→ Work to be completed
Nothing but the records, repeated word for word and free of pictures, belongs in the answer.

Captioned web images

:::

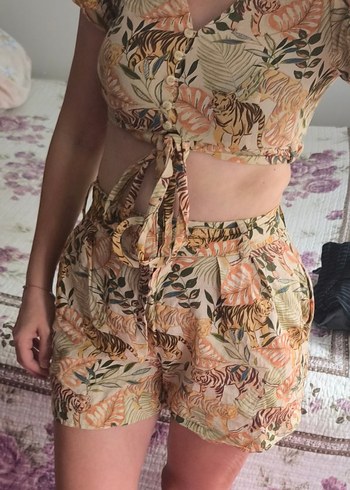 Şort&Crop Takım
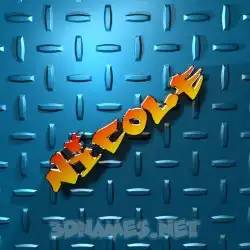 nicole in Grid Style style - 3D name wallpaper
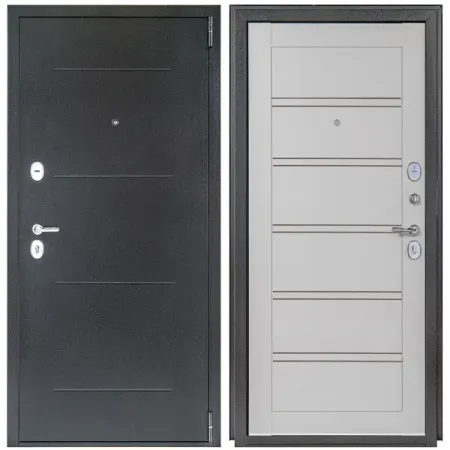 Дверь входная металлическая Легда 28 88x205 см правая серое дерево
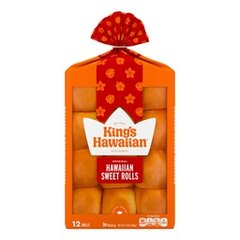 King's Hawaiian Original Hawaiian Sweet Rolls, 12 Count - 12 Each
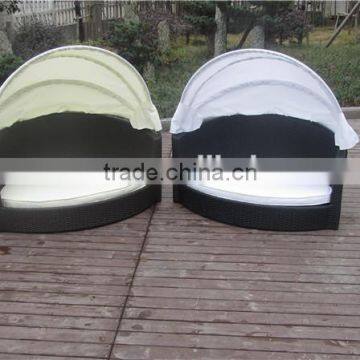 Leisure Poly Dog Bed Rattan Pet Bed With Canopy photo-5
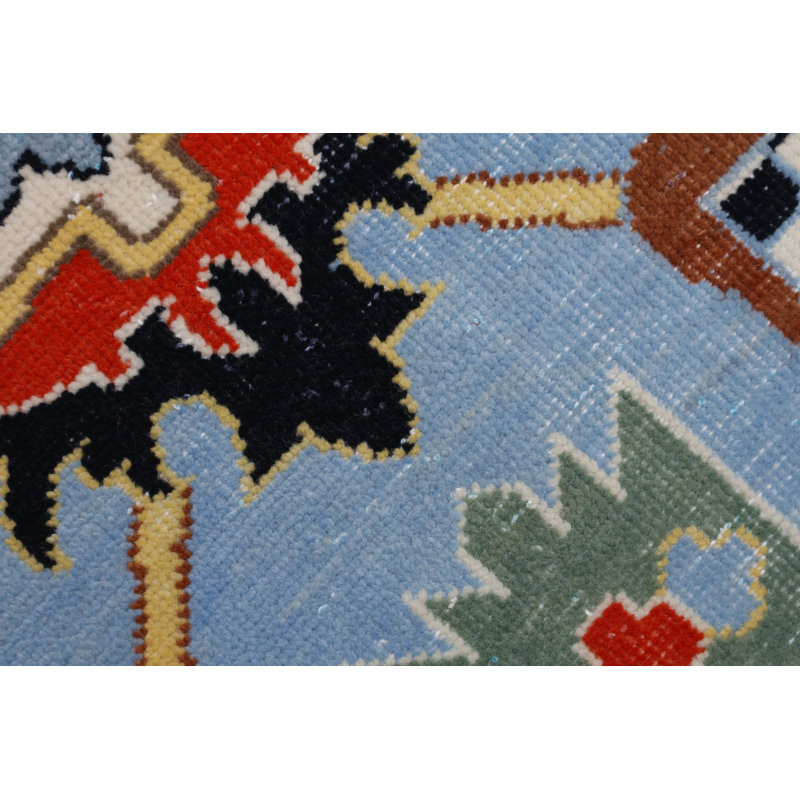 Rectangle Hand Knotted Wool Area Rug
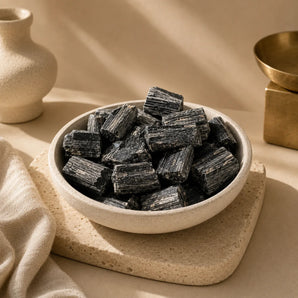 Raw Black Tourmaline Cluster – Protection & Grounding
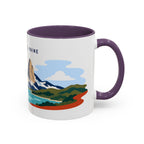Torres del Paine Coffee Mug | Travel Destination Souvenir Gift | Accent Color Ceramic 11oz 15oz
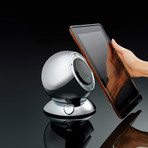 Black Pedestal with Black Carbon Case (iPad Air)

:::

→ Response to the task
 Şort&Crop Takım
 nicole in Grid Style style - 3D name wallpaper
 Дверь входная металлическая Легда 28 88x205 см правая серое дерево
 King's Hawaiian Original Hawaiian Sweet Rolls, 12 Count - 12 Each
 Leisure Poly Dog Bed Rattan Pet Bed With Canopy photo-5
 Rectangle Hand Knotted Wool Area Rug
 Raw Black Tourmaline Cluster – Protection & Grounding
Torres del Paine Coffee Mug | Travel Destination Souvenir Gift | Accent Color Ceramic 11oz 15oz
 Black Pedestal with Black Carbon Case (iPad Air)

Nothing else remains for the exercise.